一方で、民主党の小沢一郎幹事長との関係悪化を背景に指摘する見方もある。自民党時代から小沢氏と行動を共にした藤井氏だが、昨年春「政治とカネ」をめぐり当時の小沢代表に早期辞任を促すような発言をしたことなどを境に、疎遠になったと言われる。今回の予算編成の過程でも小沢氏が「本当に政治主導なのか」と疑念を示す場面もあった。辞任に政治的憶測がつきまとうこと自体、内閣にとって深刻な事態だ。

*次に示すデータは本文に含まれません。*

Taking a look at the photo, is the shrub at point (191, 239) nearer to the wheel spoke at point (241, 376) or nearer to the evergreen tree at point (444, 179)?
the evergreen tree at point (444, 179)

首相が収拾を急いだのは当然である。
それだけに、引き継ぐ菅氏に課せられた使命は重い。国家戦略担当相としての存在感発揮はもうひとつだっただけに、経済対策と財政規律のバランスをどう取るか、マニフェストを具体化した当初予算案を国会で説明する能力などが試される。鳩山内閣の運営は財務官僚主導、と指摘されている。官僚勢力はもちろん、党の実権を掌握する小沢氏とどう距離を保ち財政、経済政策をこなしていくかが問われよう。
一方で、国家戦略担当相を仙谷由人・行政刷新担当相が新たに兼務する意味合いも大きい。国家戦略室による政策の立案機能と、「事業仕分け」に代表される行政刷新会議の監視機能の双方を統括することになるためだ。鳩山内閣が掲げる「脱・官僚依存」の政治主導の成否のカギを握るだけに、責任は重大だ。
首相元秘書の政治献金虚偽記載事件、小沢氏の資金管理団体の会計処理疑惑、米軍普天間飛行場移設問題の先送りに伴う対米関係など、鳩山内閣は多くの不安要因を抱える。その中で年明けから財政の司令塔が国会論戦を控え交代するようでは、政権への信用が揺らぐ。首相は経済への影響を最小限に抑えるよう、指導力を発揮すべきである。